10 Steps To Impress A Church Minister
Step 2 - Leave later than everyone else and lock up the building
Step 3 - Set the alarm.
Step 4 - Wander to the car park to drive home
Step 5 - Notice the Minister's "BannanaMobile" sitting in the car park
Step 6 - Call the church office phone - no answer
Step 7 - Call the Minister's mobile and have the following conversation:
*ring ring*
Minister: "Hallo mate"
Tristan: "Hiya, are you still in the church?"
M: "Yep"
T: "Crap. I suppose I'd better turn the alarm off then.

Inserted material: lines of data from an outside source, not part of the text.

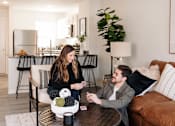 Thumbnail 11 of 42 - a man and woman sitting on a couch in a living room at Forge65, Pleasant Hill, 50327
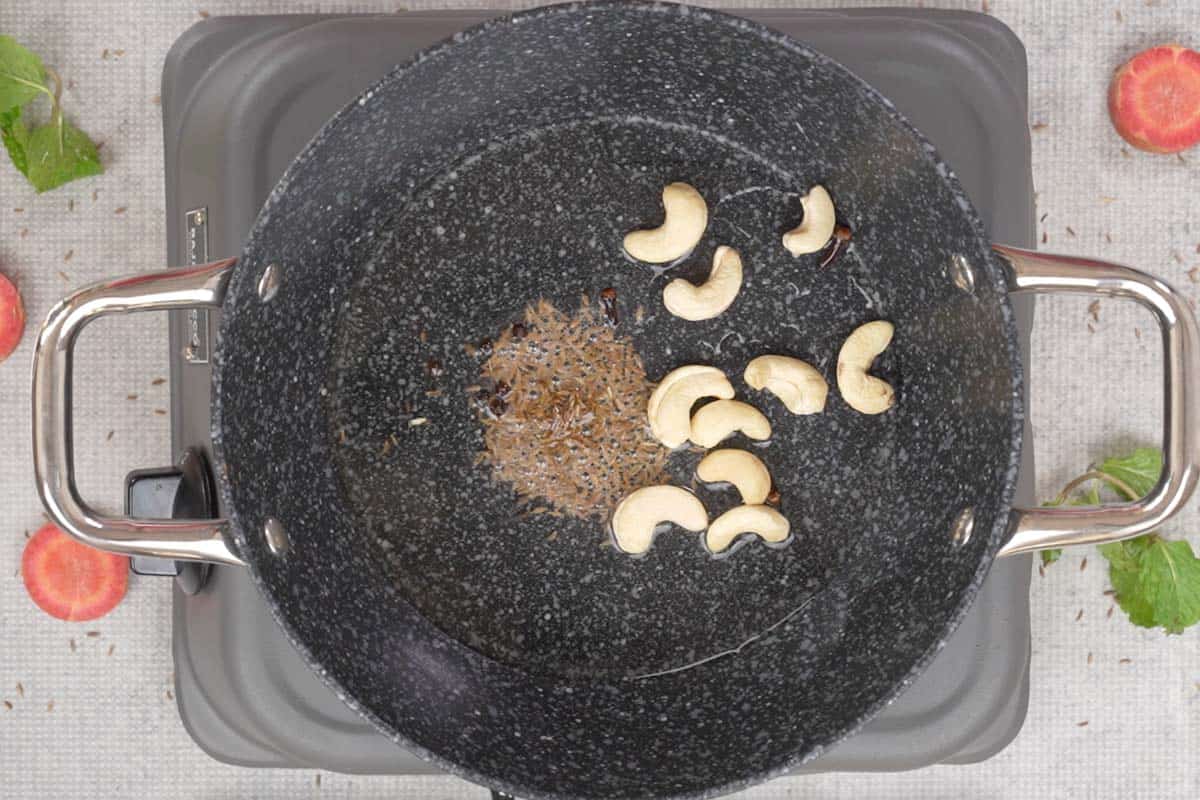 Cumin seeds, peppercorns, cloves and cashew nuts added to hot oil in a pan.
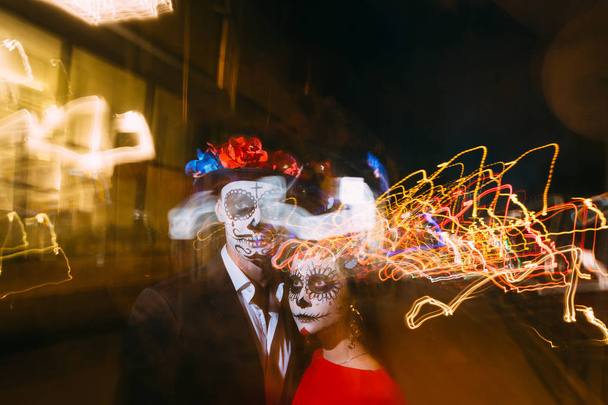 blur of foranium, ghosts of the dead, long exposure. A man and a woman with a visage, a pattern of skulls, a zombie on the face. Dead at night. A pair of zombies in the dark outside, blurry lights, ghosts. The day of the dead and Halloween. long expo - 写真・画像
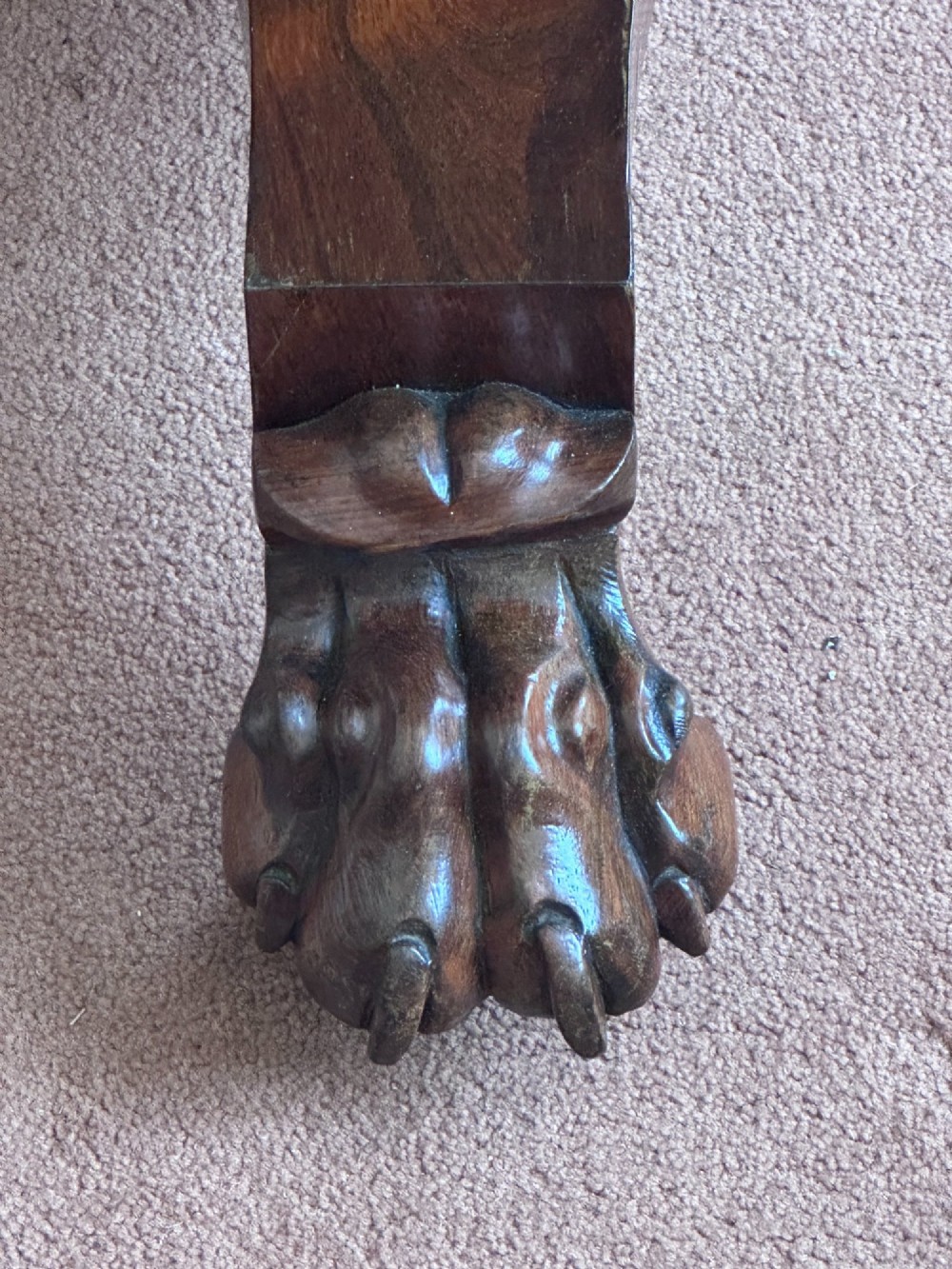 A circular William IV tilt-top rosewood centre table featuring symmetrical book-matched veneer and a central pedestal base with carved claw feet. View III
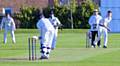 Young Thornham bowler R Baxter attempts to dislodge the Westhoughton middle order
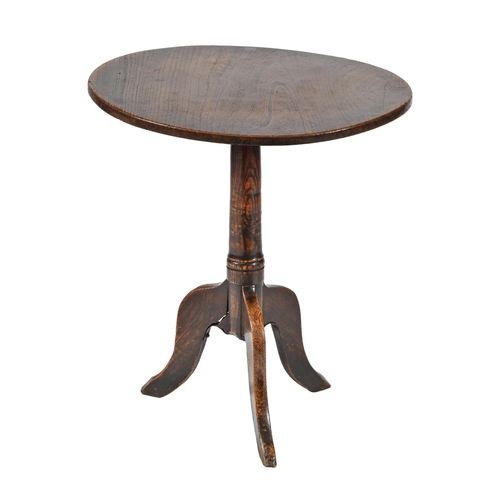 A George III elm tripod table,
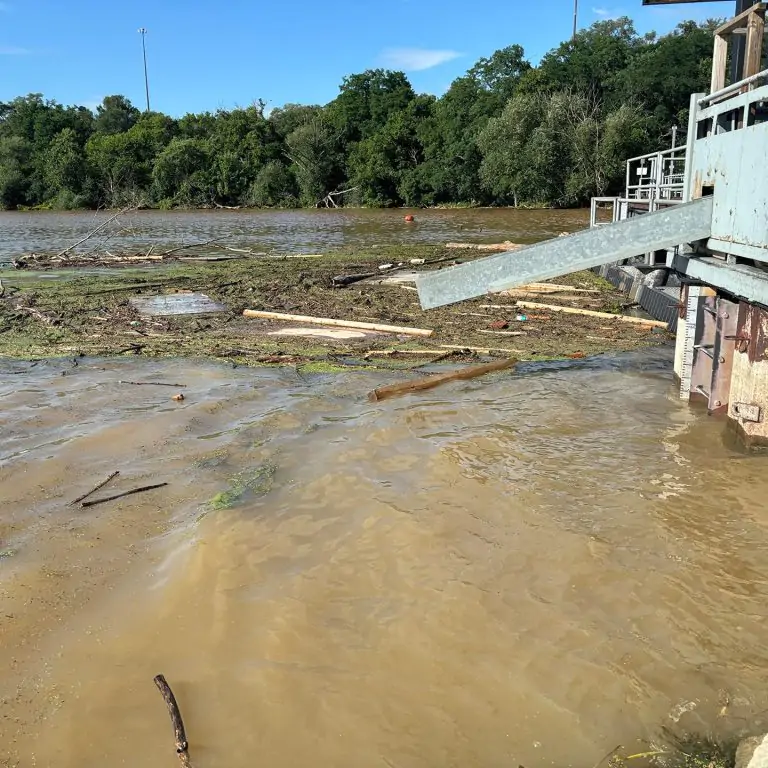 brown water and debris surrounding fishway after flooding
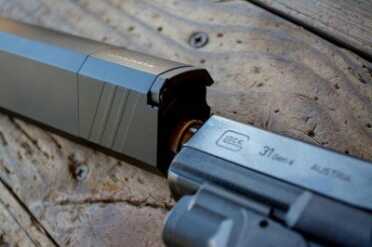 SilencerCo's Osprey Suppressor Is One Cool Bird When you screw the Osprey on to the barrel, it may end up like this. No worries, that's what the clutch lever is for.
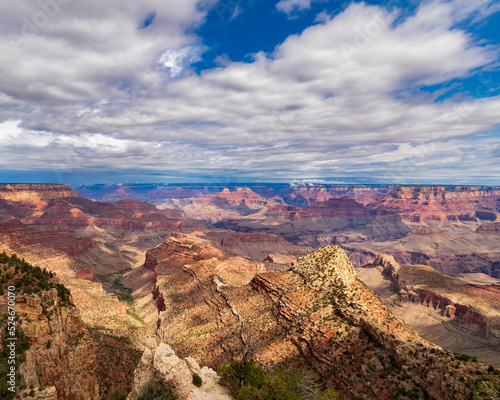 red mountains from the grand canyon with gloomy sky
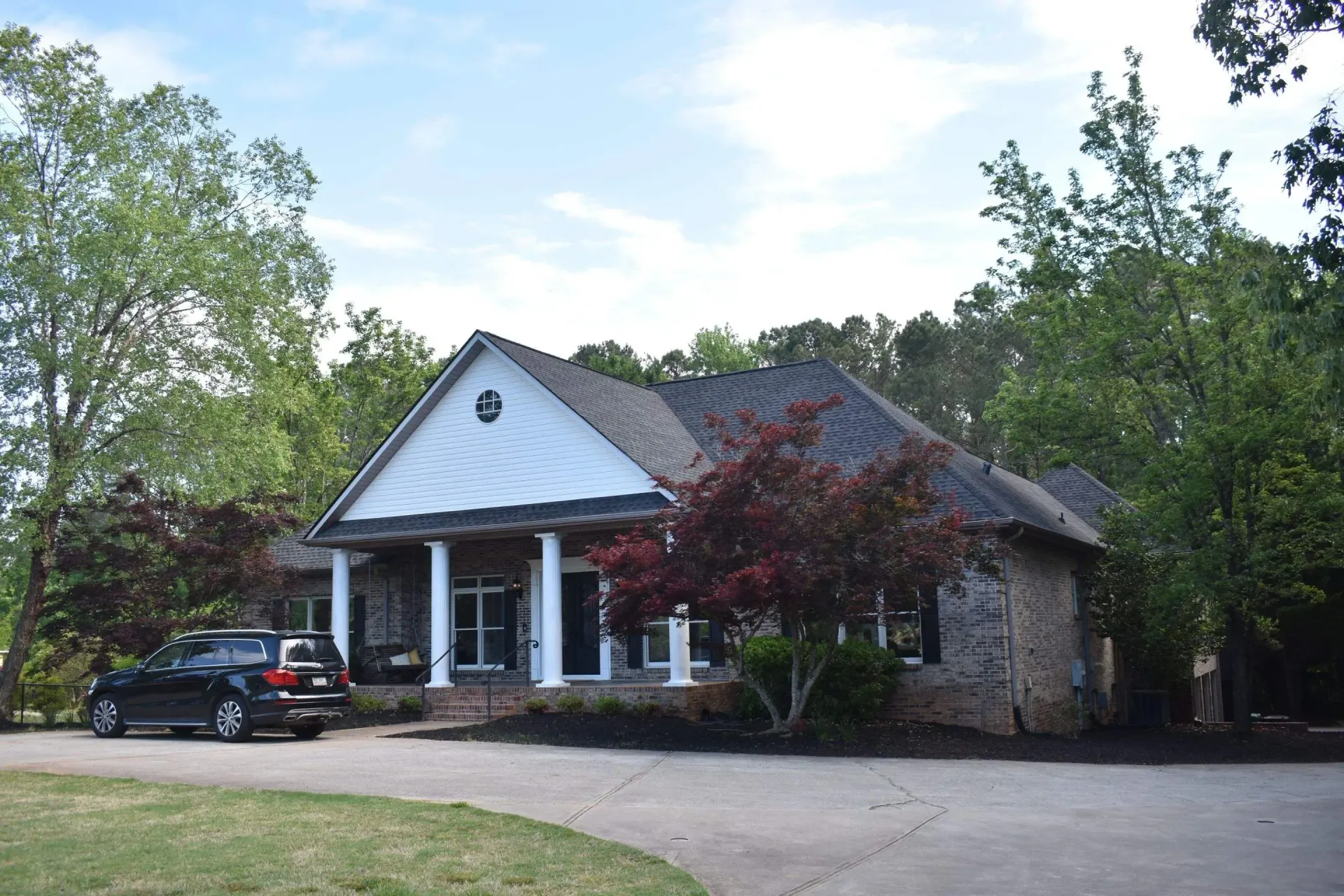 A one-story brick house with a white columned porch, black car in the driveway, and surrounded by trees.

Stay there...don't move"
M: "Too late - I can see a red light flashing"
T: "Pants."
Step 8 - Run back around to the front of the building, pull out keys and dash inside. and mis-type the code.
Step 9 - Hit as many keys as you can in what you hope are the correct order with no response from the alarm panel until it says "INVALID CODE".
Step 10 - Just after the panel says "ENTRY TIME=0", type in the correct code and breathe a sigh of relief when it then reads "UNSET"
Follow these 10 simple steps to ensure a long and happy time at your local church.
5 Comments:
lol, now I know what the bananamobile is! yes I am slow..
By Gem, at 16/2/06 15:54
lol. now that would've been funny to see! ;)
By TommyDB, at 16/2/06 18:18
we are on the same wavelength Nami!
By Gem, at 16/2/06 23:09
brilliant - he's bound to bring it up in his preachin 'swell - somehow I don't reckon this one is gonna go away quietly T.
By Jen, at 19/2/06 09:43
i showed this to the train spotter last night - he was chuckling for ages!